I am writing in response to your article on the charge of misdemeanor cruelty to animals against Deb Cunningham in the death of the service dog Worthy (CHN, I am concerned that the article failed to report on Deb’s long, positive history as a dog trainer in raising the question of whether Worthy’s death was an act of intentional cruelty.

I have volunteered with Deb’s service dog organization, Eyes Ears Nose and Paws, for over three years and have never seen or heard of Deb behaving in an intentionally cruel or dangerous way toward an animal. To the contrary, Deb uses a positive reinforcement, reward-based approach to training dogs to support people with disabilities.

Deb has also taught dog training classes at local animal welfare organizations and volunteered with local search and rescue teams, handling rescue dogs on search calls. At no time before has she ever been accused of any cruel or dangerous behavior toward animals. Deb is immensely dedicated to serving the greater good through her ability to connect with dogs. EENP is a small organization and Deb cares for each dog as an individual. She is heartbroken over the death of Worthy, and I believe she is being unfairly condemned before ever going to trial.

What led Deb to leave Worthy in a car? I do not know, but all my experience with her leads me to believe it was not an intentional act of cruelty, but a terrible error in judgment. I suspect we can all recall a moment where because of a momentary lapse – becoming distracted while driving, failing to notice a toddler climbing the stairs, rushing through a public space and nearly knocking someone over – we could have been responsible for a horrible event. Deb and Worthy were not so fortunate.

It is a hard truth that good people do make bad decisions, and sometimes those decisions have tragic consequences.

Katie West Greenwood

Chapel Hill

The word is out

No doubt our Republican friends in the legislature wear the recent New York Times editorial takedown of their actions as a badge of honor. Regrettably for all North Carolinians, it is more of a scarlet letter.

Regardless of your political leanings, be aware that every potential employer, vacationer, transplant and entrepreneur will now think twice about coming to our state and will take their jobs, dollars and innovation to a more progressive and welcoming state.

The so-called Republican “mandate” was for jobs and sensible spending cuts. Instead we are witnessing a cowardly retreat and gross dereliction from their sworn duty. There has been no mention of jobs and an unprecedented scorched earth policy against all that is good and progressive in our state and an all-out war on women, the poor and the middle class. Their arrogance, ignorance and transparent greed and self-interest will destroy our economy and quality of life and set North Carolina back decades.

Frank Konhaus


Sharia confusion

I’m confused.

Since much of Sharia is a restatement of the Book of Leviticus, if we ban Sharia are we also banning parts of the Old Testament as well?

Fred Gerkens

Chapel Hill

Outraged and heartbroken

We are outraged and heartbroken over the verdict in the murder trial of George Zimmerman.

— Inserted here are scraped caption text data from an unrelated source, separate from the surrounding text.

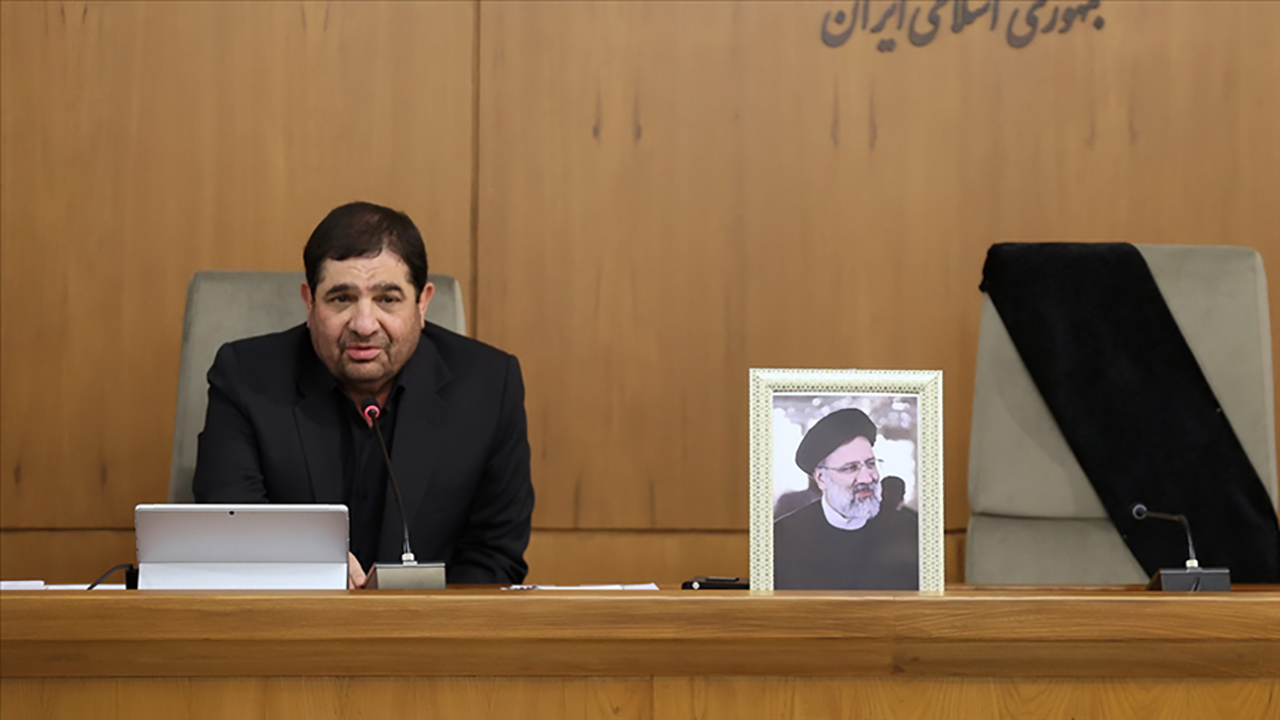 İran'ın geçici Cumhurbaşkanı Mokhbe: Yaşanan olay, yönetimde boşluk meydana getirmeyecektir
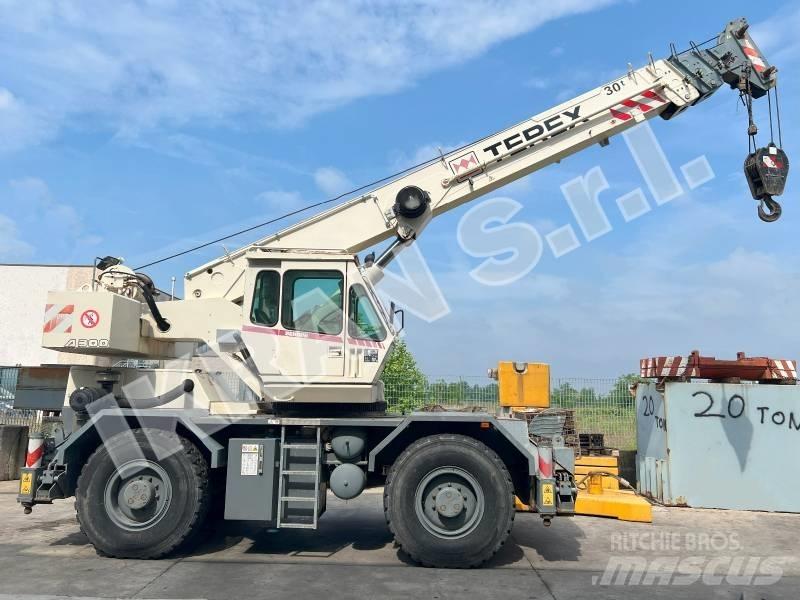 Terex A 300 Jeřáby pro těžký terén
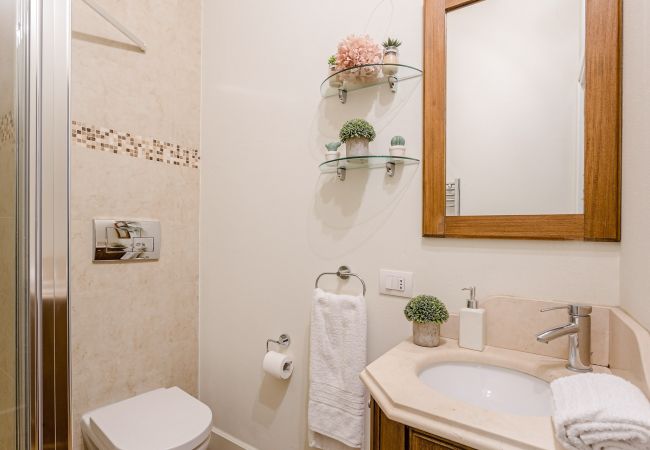 Appartement in Lucca - 2 Bedrooms 2 Bathrooms Romantic Apartment with Terrace and Parking in Lucca Appartement in Lucca - 2 Bedrooms 2 Bathrooms Romantic Apartment with Terrace and Parking in Lucca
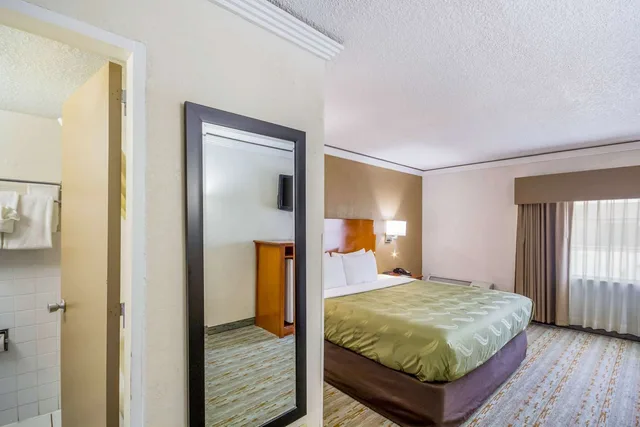 غرفة بسرير كينج، Quality Inn & Suites Kansas City - Independence I-70 East 1/3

We stand with Trayvon’s family as they continue to grieve, and we are called to act.

We call immediately for a Department of Justice investigation into the civil rights violations against Trayvon Martin.

We will continue to fight for the removal of Stand Your Ground laws in every state.

We will continue to the fight outlaw racial profiling, whether it comes at the hands of law enforcement professionals or armed citizens.

This case has re-energized the movement to end racial profiling in the United States.

The Rev. William J. Barber



Proud of our pits

It’s that time of year again – time for cook outs, outdoor fun and celebrating America. Here at the Animal Protection Society of Durham we’re celebrating by highlighting our All-American Dogs: pit bulls!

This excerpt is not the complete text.